Your assignment: Your answer should be the full data, transcribed exactly, with no pictures in it.

Supplied data:
:::

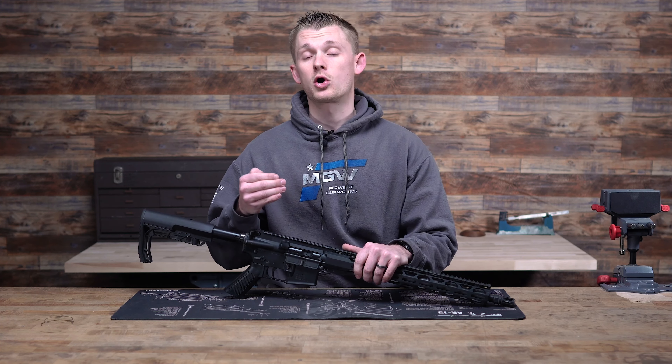The next step up is getting a punch set and a screwdriver set. This is a Wheeler Master Roll Pin Punch Set — it has regular punches and roll pin punches, which come in handy a lot, and also comes with a hammer. The set includes punches in different sizes, all the way from 1/16ths up to 5/16ths. Also in the set is a small hammer with a Delrin end and a brass end, which is very handy when working on guns. You can use the Delrin or plastic end to hammer on things without worrying about marring them up.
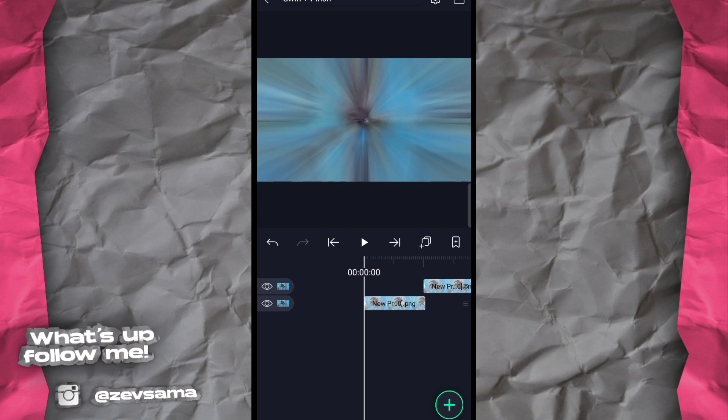Okay everyone, back to me, Zev. So today I'm going to give you a tutorial of pins and swirls that I've done before. This is really good. Now let's start with the first video — I'm going to do pins first.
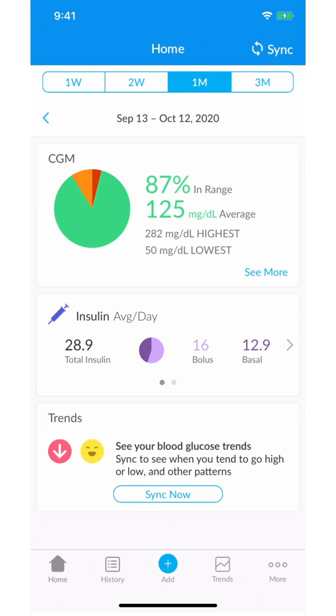Once blood glucose data is available in Apple Health, it is automatically available in your Gluco account. The data will automatically be sent to your provider every time your meter is turned on and in range of your iPhone. If you need additional help, please reach out to our support at support@gluco.com via email.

:::

Task result:
The next step up is getting a punch set and a screwdriver set. This is a Wheeler Master Roll Pin Punch Set — it has regular punches and roll pin punches, which come in handy a lot, and also comes with a hammer. The set includes punches in different sizes, all the way from 1/16ths up to 5/16ths. Also in the set is a small hammer with a Delrin end and a brass end, which is very handy when working on guns. You can use the Delrin or plastic end to hammer on things without worrying about marring them up.
Okay everyone, back to me, Zev. So today I'm going to give you a tutorial of pins and swirls that I've done before. This is really good. Now let's start with the first video — I'm going to do pins first.
Once blood glucose data is available in Apple Health, it is automatically available in your Gluco account. The data will automatically be sent to your provider every time your meter is turned on and in range of your iPhone. If you need additional help, please reach out to our support at support@gluco.com via email.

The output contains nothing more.